Sunday, April 30, 2017

Gerry LaFemina's Psalm... the last Sunday in #NationalPoetryMonth

Gerry LaFemina is the director of the Frostburg Center for Creative Writing at Frostburg State University, where he is an associate professor of English, and teaches in Carlow University’s low-residency MFA program.

Psalm

Pity the woman on today’s news who can’t forget anything–pinpoint a date, a year, and she’ll say who she was with, the news of the day.

Pity the woman in the hotel lobby holding her head, her visible cheek streaked.

Pity the victim & the witness.

Pity the perpetrator, too, who even as I write this crumples up his guilt & tosses it into the confessional of St. Stanislaw’s.

I’ve seen them all & kept walking, for what else could I do?

I’ve seen the businessman feeding pigeons & starlings at the corner of Broadway & Wall, tossing them the bread of his sandwich.

I’ve seen the way he looked at Trinity Church across the street but, even now, I can’t describe the expression sculpted into his cheeks.

Then came the sound of bells from its steeple in the melody of a hymn.

Then came the taxi that whisked me away from that drama.

Pity the cabbie & his family in the Ukraine with whom he’s lost all contact.

Imagine his wife holding her forehead half the world away.

Then came her tears so much like all of our tears, like all of our griefs & our happinesses, too.

Then came a cresting wave of sirens like trumpets: one squad car.  Two.  Three.  An ambulance also.

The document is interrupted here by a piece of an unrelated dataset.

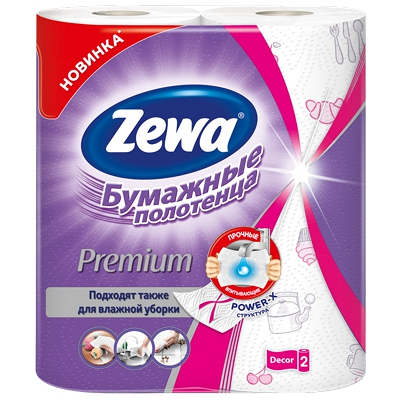 Купить полотенце бумажное 2-сл 2 рул/уп zewa premium белое с рисунком 1/10 в Москве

Pity the family & the children in the nearby parochial school asked to pray.

Then came the voices of six year olds in prayer.

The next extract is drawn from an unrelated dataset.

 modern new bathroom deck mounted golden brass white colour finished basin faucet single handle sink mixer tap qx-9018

I’ve seen those kids playing hopscotch & tag in the courtyard at recess.

          
Imagine to have been that free to laugh.

I’ve seen the ambulances outside the building, a gurney covered by a blank sheet, the EMTs silent.

Then came the sobbing relative consoled by a neighbor.

I’ve been the neighbor, counseled the crying mother of a dead friend.

Imagine me walking with her, her left hand at her forehead, her right hand clutching me, praying or cursing–I couldn’t tell which–in the old language.           


Imagine walking the streets a week later, how good it felt, the hot wind blowing on such a hot day.